* Work request: Output exactly the lines of the listing below that run from the line with "SQL Account customized" through the line with "There's a face that we wear". No pictures.
### Data ###
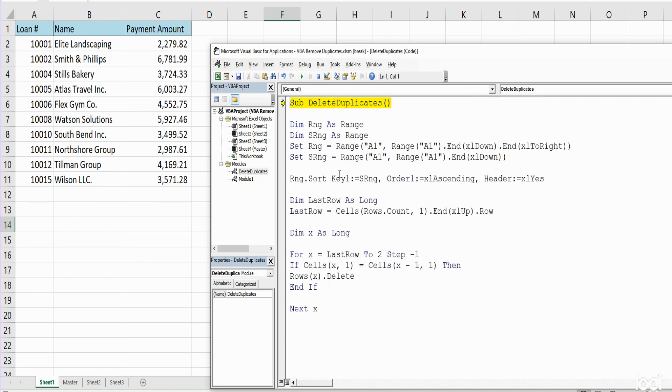So that is how you can create VBA code in Excel to remove duplicate values. Hey, if you like what you saw today, please subscribe to the Excel Cave. Thanks for watching.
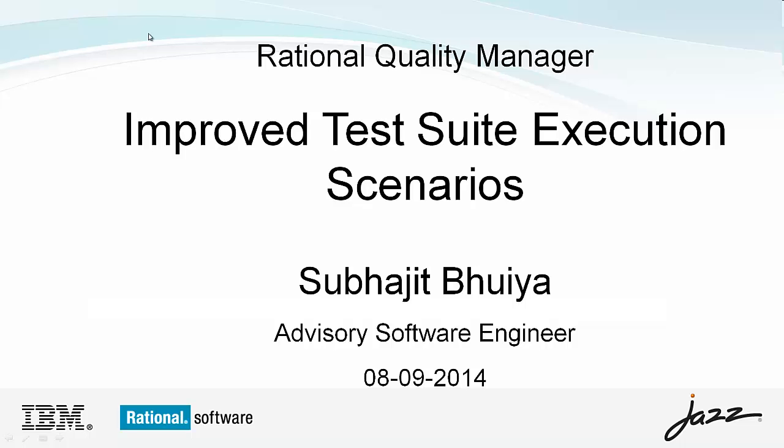Hi, I am Shubhajit Bhaiya. Today's topic is improved test suite execution scenario.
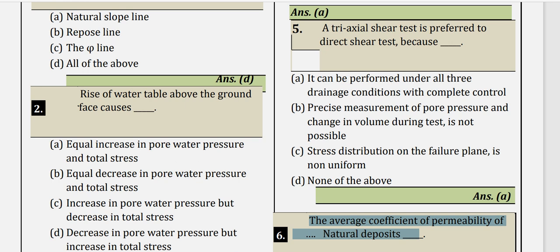Question 2: Rise of water table above the ground surface. When the water table rises above the ground surface, the total stress increases and the amount of pore water pressure also increases. So option A is correct — equal increase in pore water pressure and total stress.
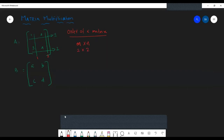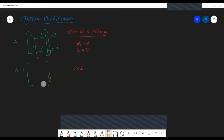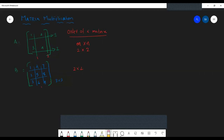The order of the first matrix is two by two, and the second matrix also has two rows and two columns, so the order is also two by two. Now suppose we have another matrix [1, 2, 3; 4, 5, 6; 7, 8, 9]. This matrix has three rows and three columns, so the order of this matrix is three by three.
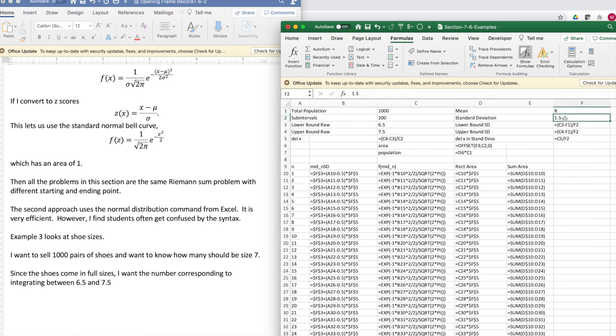My mean is 8. My standard deviation is 1. I subtract off the mean and divide by the standard deviation to get a z-score.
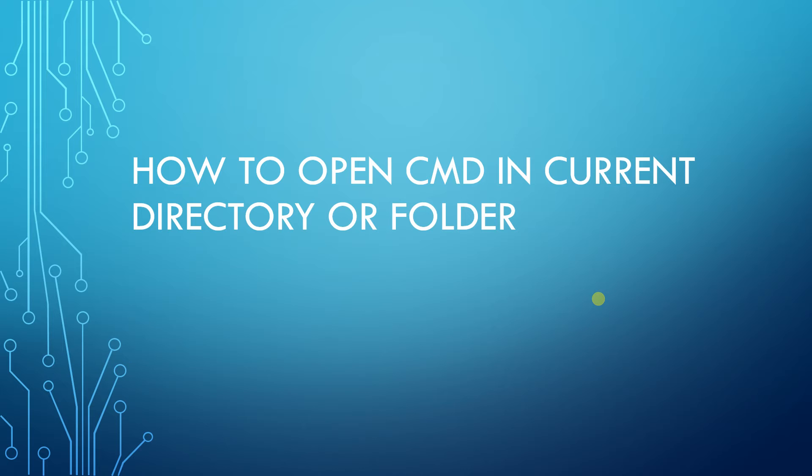Hi everyone. Today I'm going to show you how I can open a command prompt in your current directory or folder in Windows Explorer.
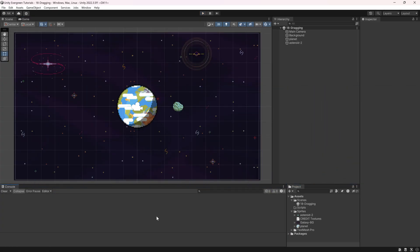All right, we're back in Unity once more, and in this tutorial we're going to be talking about how you can drag objects with your mouse, and it's actually going to be more straightforward than you might think. For this, we will need one script and basically any type of game object that you want to drag.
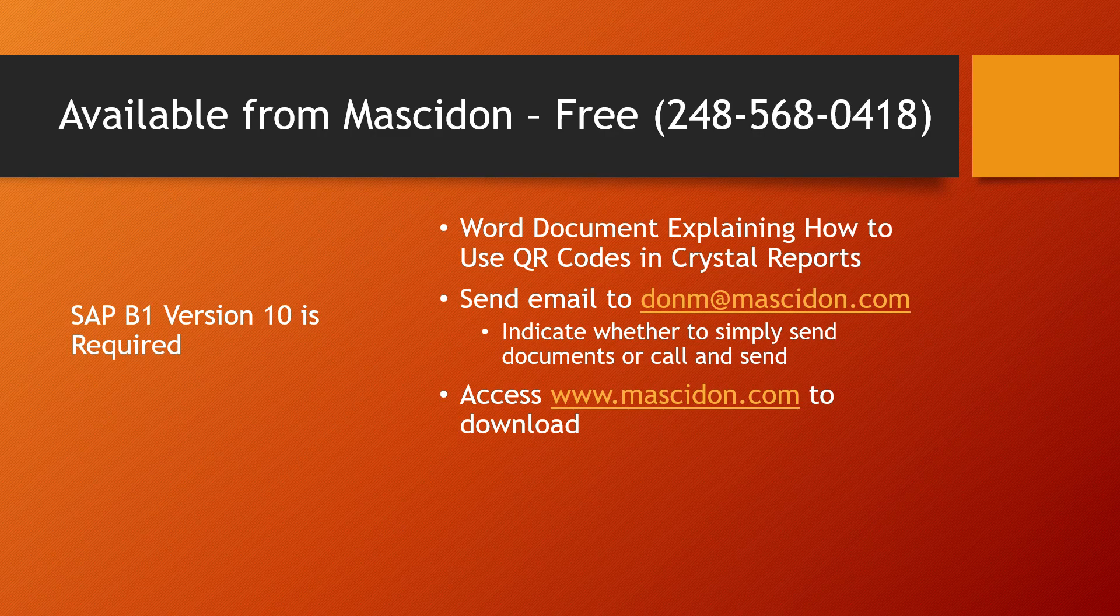If you've got any questions, please feel free to give me a call at 248-568-0418 or send me an email at don@mascidon.com. Thank you for watching.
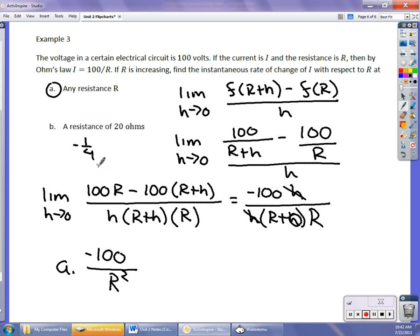To find the rate of change at 20 ohms, I plug in R = 20: -100 over 400 equals -1/4. In this first section, you're going to have to work out limits — for velocity, instantaneous rate of change, all of that. Then it will get easier because shortcuts come in the next video when we get into the definition of the derivative. Once we do that, it becomes significantly easier. Good luck on this first assignment.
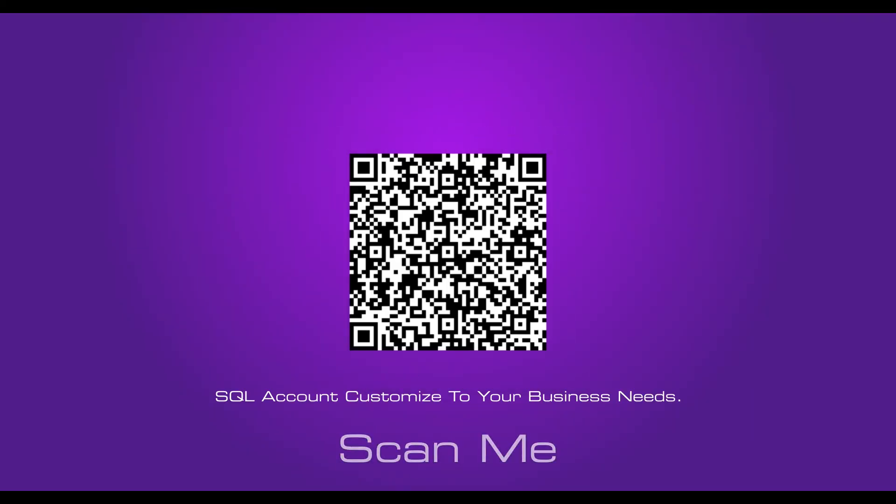SQL Account customized to your business needs.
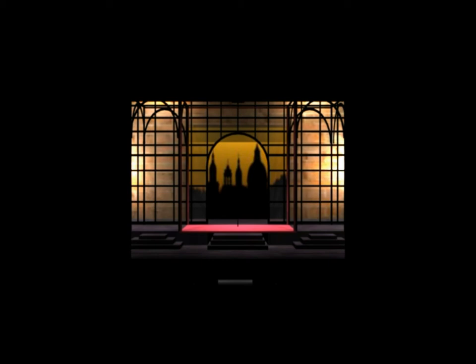There's a face that we wear in the cold light of day. It's society's mask, it's society's way, and the truth is that it's all a facade. There's a face that we hide till the nighttime appears, and what's hiding inside behind all of our fears is our true self, locked inside the facade.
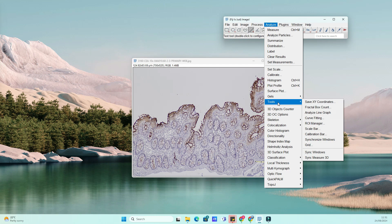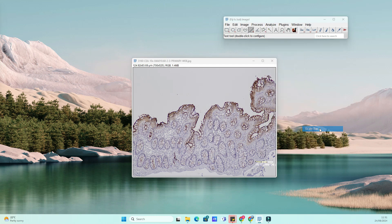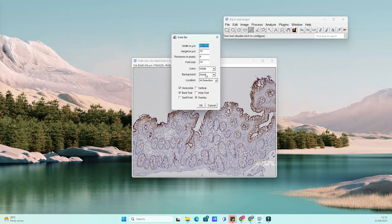Now, enter the known distance in the Known Distance field. Set the unit of length — for example, micrometers (µm), millimeters (mm), or whatever applies to your image. Click OK when you're done.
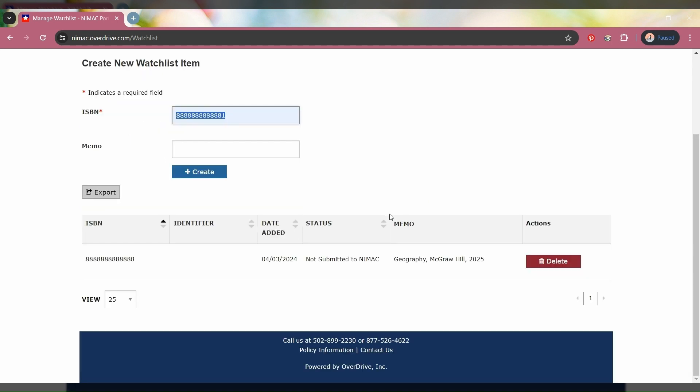Once you've entered your ISBN, you'll move on to the Memo field, which is a new and optional field where you can put any information you have about the material you need.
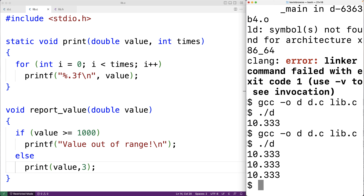We can change the print function knowing the rest of the program won't break. If print were used all over our source code we'd have to make changes everywhere to reflect the new parameter, but by using the static keyword to limit print's visibility to one file we've guaranteed that's not the case — the impact of the change is limited to this file. We've also chosen to expose a stable interface, the report_value function, to the outside world.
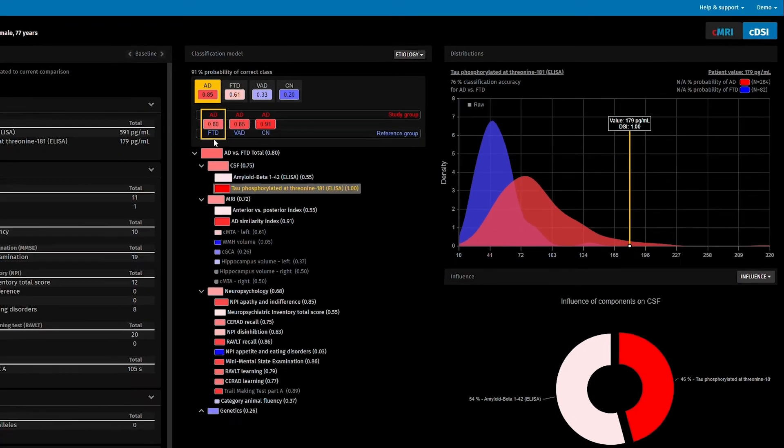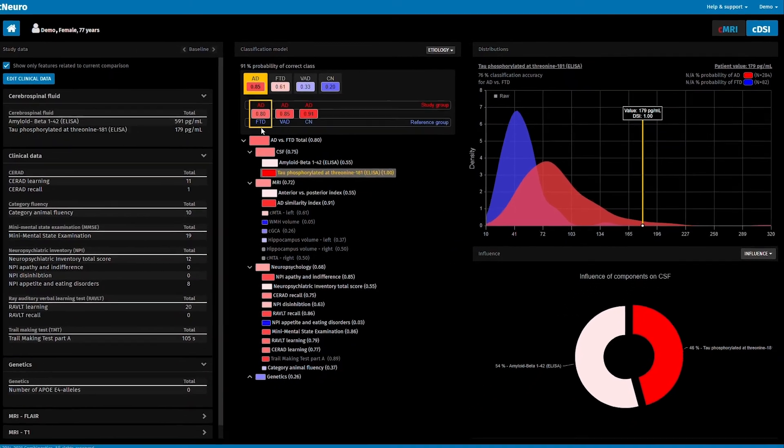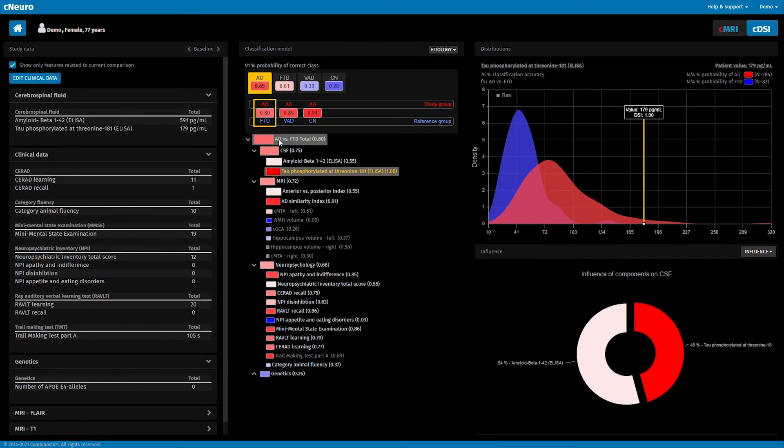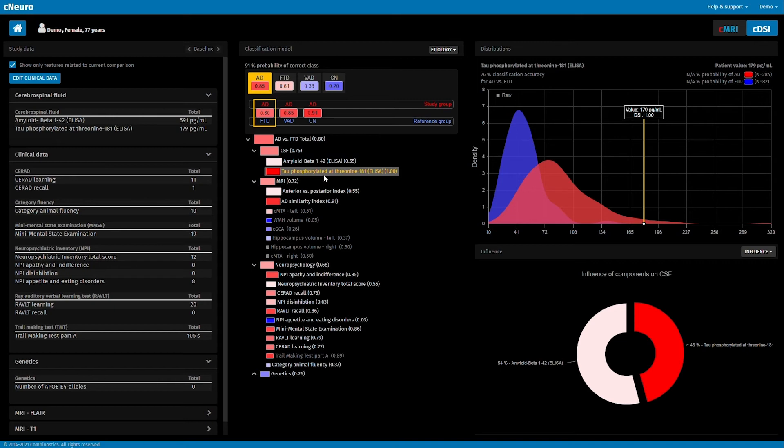With one glance, the clinician can get an overview of all data, see the importance of each biomarker, and view the most likely disease based on these data. In addition to the etiology model, there is a progression model used to predict the likelihood of a patient with mild cognitive impairment progressing to dementia.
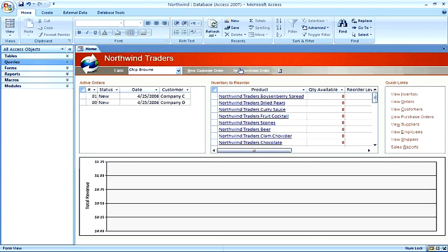Microsoft Access is a registered trademark of Microsoft Corporation. I am not affiliated with Microsoft Corporation.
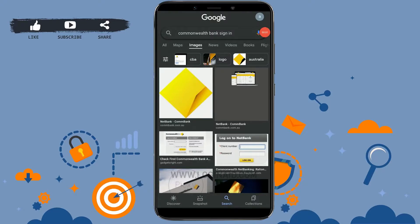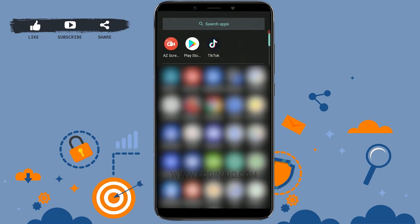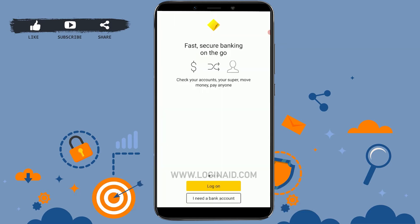Hello everyone, welcome to the Logging In channel. Today for this episode of Logging In, I will be showing you how you can sign in to the mobile banking application of Commonwealth Bank. First of all, you need to download and install the application. Once you have fully installed the app, just tap to open the application.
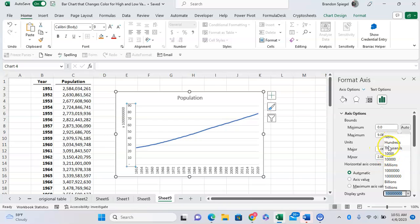So we have thousands, ten thousands, hundred thousands, millions, ten millions, hundred millions, billions, or trillions.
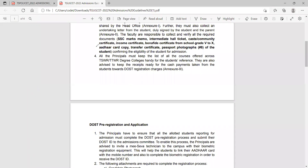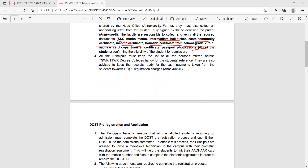Required documents: certificate, SSC marks memo, intermediate hall ticket, caste certificate and income certificate (latest), bona fide certificate from 5th to 10th, unmeet sets of 3-4 Xerox copies, and 8 passport size photos.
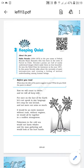Hello students, today we are going to start the third poem of Flamingo and the name of the poem is Keeping Quiet. This poem is written by Pablo Neruda. This poem Keeping Quiet is about the need of maintaining peace and silence. So let's start with the poem.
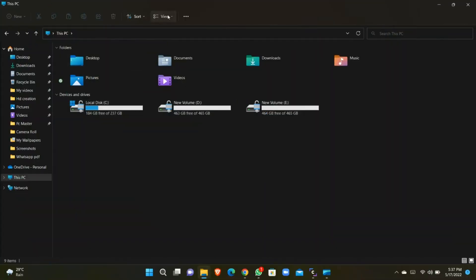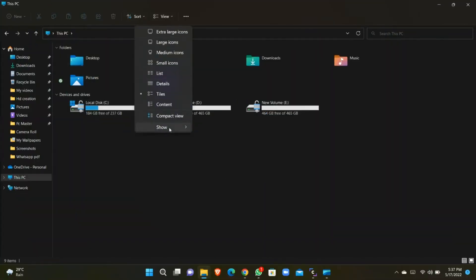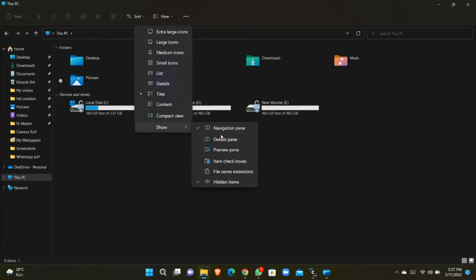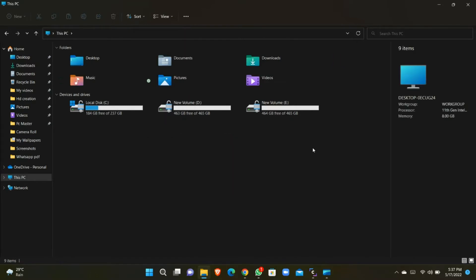First, go to File Explorer and click on View. In the menu, when you click Details Pane, you can see a pane opening on the right side.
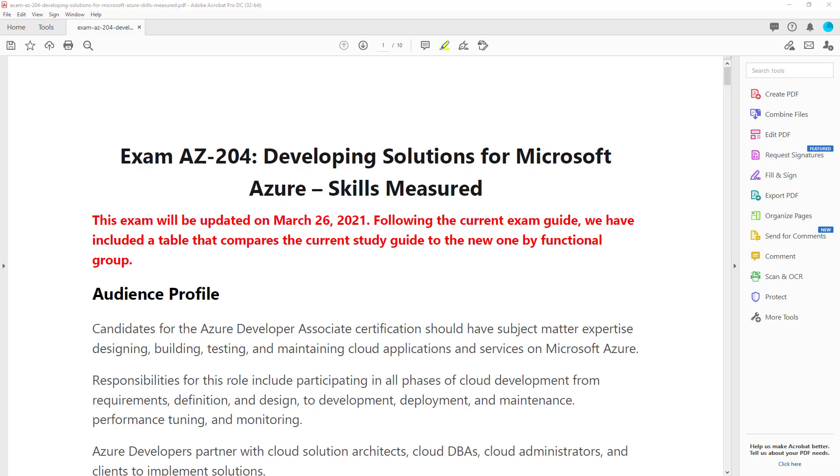So this has been a little while coming. The AZ-204 exam has some updates coming on March 26, 2021. Now this exam has not actually had any major changes to it for at least a year, and so it's about time that we've had a few tweaks.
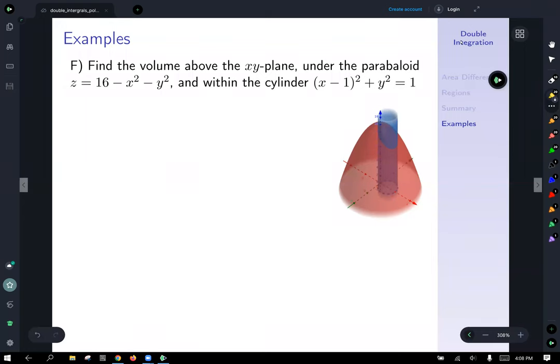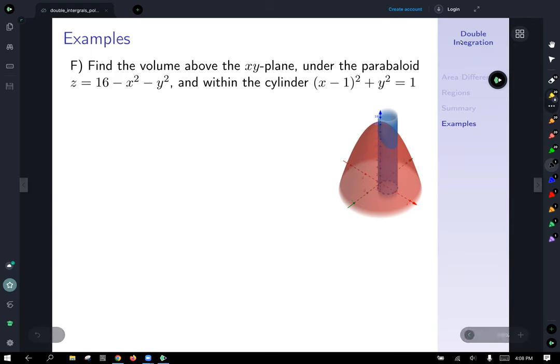Continuing our discussion of double integrals with polar coordinates, the rest of this video will be dedicated to working examples of actual integrations. For our first example, let's look at finding the volume above the x-y plane under the paraboloid z equals 16 minus x squared minus y squared, and the area within the cylinder x minus one quantity squared plus y squared equals one. We could try to do this in rectangular coordinates, but it's much harder. Anytime there's a nice symmetry around the axes or we're dealing with circular things — and that cylinder is definitely a circular domain of integration — polar coordinates are the way to go.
###
* Answer to this exercise:
SQL Account customized to your business needs.
There's a face that we wear in the cold light of day. It's society's mask, it's society's way, and the truth is that it's all a facade. There's a face that we hide till the nighttime appears, and what's hiding inside behind all of our fears is our true self, locked inside the facade.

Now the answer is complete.